## WORK ORDER
Pictures aside, output each record exactly.

Recorded data:
□ □ □ □

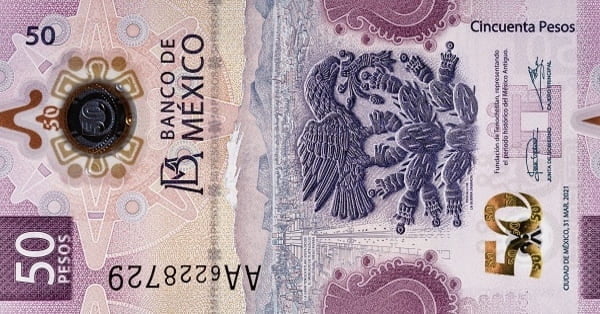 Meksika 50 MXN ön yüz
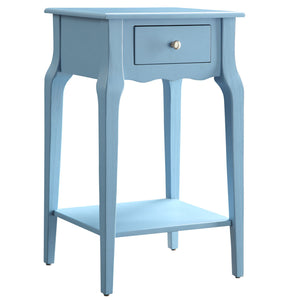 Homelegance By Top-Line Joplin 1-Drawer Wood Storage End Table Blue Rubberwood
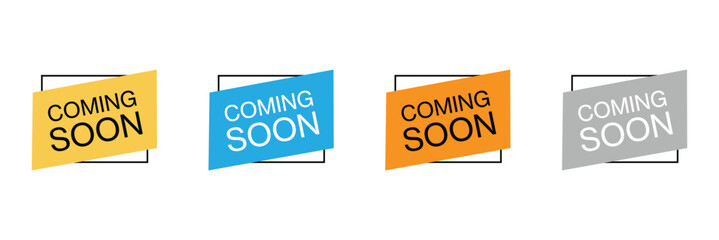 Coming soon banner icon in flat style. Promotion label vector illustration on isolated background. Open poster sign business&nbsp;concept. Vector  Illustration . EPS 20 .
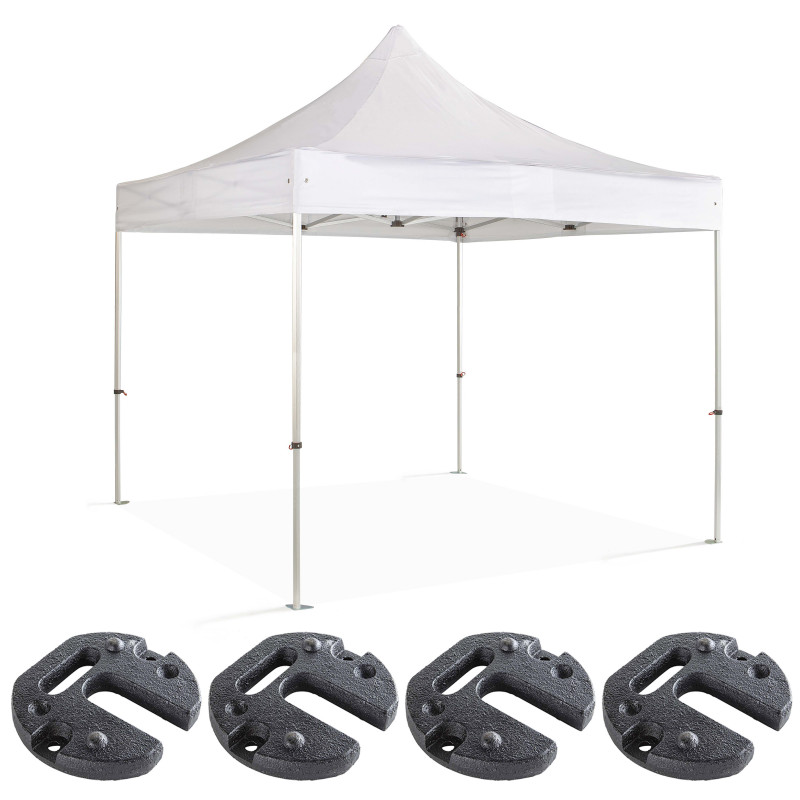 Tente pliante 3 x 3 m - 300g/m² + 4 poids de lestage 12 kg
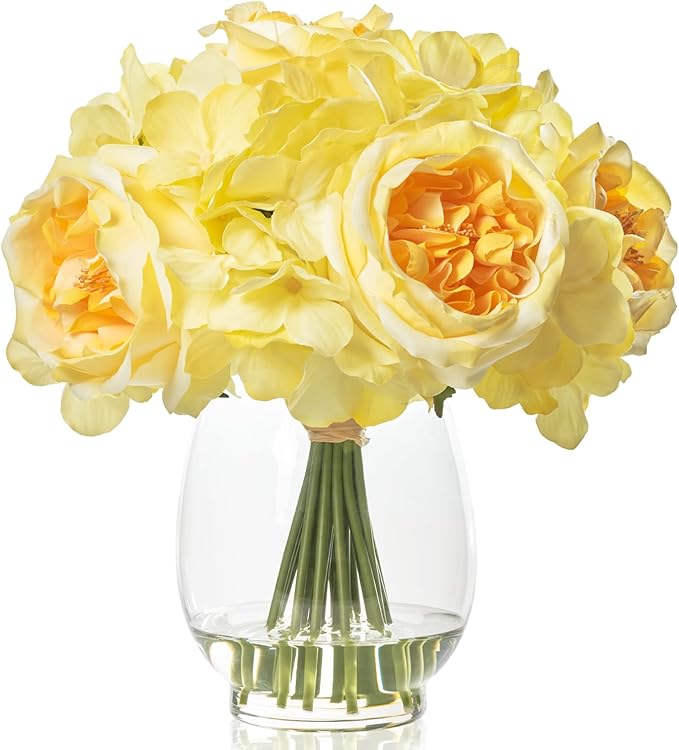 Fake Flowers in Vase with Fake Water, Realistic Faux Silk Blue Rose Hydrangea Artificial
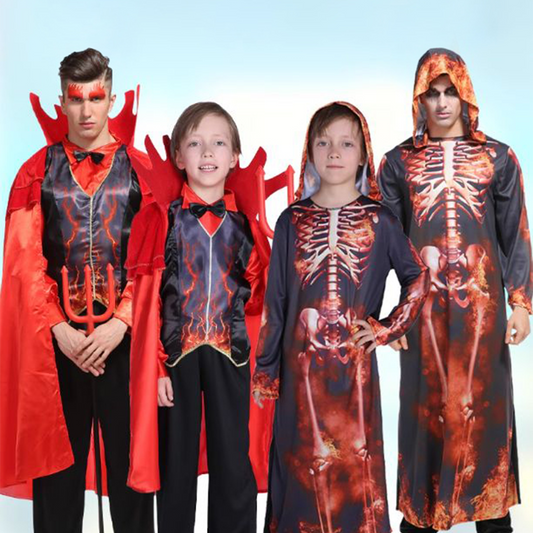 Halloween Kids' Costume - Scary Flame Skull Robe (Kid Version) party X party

□ □ □ □

## THE COMPLETED TASK
 Meksika 50 MXN ön yüz
 Homelegance By Top-Line Joplin 1-Drawer Wood Storage End Table Blue Rubberwood
 Coming soon banner icon in flat style. Promotion label vector illustration on isolated background. Open poster sign business&nbsp;concept. Vector  Illustration . EPS 20 .
 Tente pliante 3 x 3 m - 300g/m² + 4 poids de lestage 12 kg
 Fake Flowers in Vase with Fake Water, Realistic Faux Silk Blue Rose Hydrangea Artificial
 Halloween Kids' Costume - Scary Flame Skull Robe (Kid Version) party X party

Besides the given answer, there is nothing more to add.